** Opening Supplied information block **

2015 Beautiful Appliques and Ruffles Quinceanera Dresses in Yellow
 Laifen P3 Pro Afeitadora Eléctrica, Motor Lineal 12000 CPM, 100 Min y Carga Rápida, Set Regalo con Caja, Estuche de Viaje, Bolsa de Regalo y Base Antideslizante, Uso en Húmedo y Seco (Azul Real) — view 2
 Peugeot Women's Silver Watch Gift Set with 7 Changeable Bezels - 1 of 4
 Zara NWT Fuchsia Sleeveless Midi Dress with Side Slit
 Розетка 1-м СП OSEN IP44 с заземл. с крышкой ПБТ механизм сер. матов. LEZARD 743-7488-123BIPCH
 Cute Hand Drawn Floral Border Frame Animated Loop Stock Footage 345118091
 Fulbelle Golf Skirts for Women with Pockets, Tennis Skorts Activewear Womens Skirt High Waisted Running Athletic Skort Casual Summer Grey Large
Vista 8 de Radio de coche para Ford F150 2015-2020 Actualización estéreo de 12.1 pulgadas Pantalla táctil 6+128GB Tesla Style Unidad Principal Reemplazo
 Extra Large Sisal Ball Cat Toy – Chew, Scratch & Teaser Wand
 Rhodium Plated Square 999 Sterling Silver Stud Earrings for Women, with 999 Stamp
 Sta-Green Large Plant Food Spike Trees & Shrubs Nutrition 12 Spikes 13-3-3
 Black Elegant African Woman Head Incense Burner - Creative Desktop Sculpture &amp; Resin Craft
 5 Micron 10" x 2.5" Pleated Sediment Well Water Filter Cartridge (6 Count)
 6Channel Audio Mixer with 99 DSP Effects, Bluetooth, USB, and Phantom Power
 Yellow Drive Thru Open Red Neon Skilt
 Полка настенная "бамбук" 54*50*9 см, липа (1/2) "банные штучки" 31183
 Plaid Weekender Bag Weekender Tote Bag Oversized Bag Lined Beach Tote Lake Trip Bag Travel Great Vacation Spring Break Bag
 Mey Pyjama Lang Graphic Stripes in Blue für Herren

** Closing Supplied information block **

Output the material again, line for line.

- _Answer area_
2015 Beautiful Appliques and Ruffles Quinceanera Dresses in Yellow
 Laifen P3 Pro Afeitadora Eléctrica, Motor Lineal 12000 CPM, 100 Min y Carga Rápida, Set Regalo con Caja, Estuche de Viaje, Bolsa de Regalo y Base Antideslizante, Uso en Húmedo y Seco (Azul Real) — view 2
 Peugeot Women's Silver Watch Gift Set with 7 Changeable Bezels - 1 of 4
 Zara NWT Fuchsia Sleeveless Midi Dress with Side Slit
 Розетка 1-м СП OSEN IP44 с заземл. с крышкой ПБТ механизм сер. матов. LEZARD 743-7488-123BIPCH
 Cute Hand Drawn Floral Border Frame Animated Loop Stock Footage 345118091
 Fulbelle Golf Skirts for Women with Pockets, Tennis Skorts Activewear Womens Skirt High Waisted Running Athletic Skort Casual Summer Grey Large
Vista 8 de Radio de coche para Ford F150 2015-2020 Actualización estéreo de 12.1 pulgadas Pantalla táctil 6+128GB Tesla Style Unidad Principal Reemplazo
 Extra Large Sisal Ball Cat Toy – Chew, Scratch & Teaser Wand
 Rhodium Plated Square 999 Sterling Silver Stud Earrings for Women, with 999 Stamp
 Sta-Green Large Plant Food Spike Trees & Shrubs Nutrition 12 Spikes 13-3-3
 Black Elegant African Woman Head Incense Burner - Creative Desktop Sculpture &amp; Resin Craft
 5 Micron 10" x 2.5" Pleated Sediment Well Water Filter Cartridge (6 Count)
 6Channel Audio Mixer with 99 DSP Effects, Bluetooth, USB, and Phantom Power
 Yellow Drive Thru Open Red Neon Skilt
 Полка настенная "бамбук" 54*50*9 см, липа (1/2) "банные штучки" 31183
 Plaid Weekender Bag Weekender Tote Bag Oversized Bag Lined Beach Tote Lake Trip Bag Travel Great Vacation Spring Break Bag
 Mey Pyjama Lang Graphic Stripes in Blue für Herren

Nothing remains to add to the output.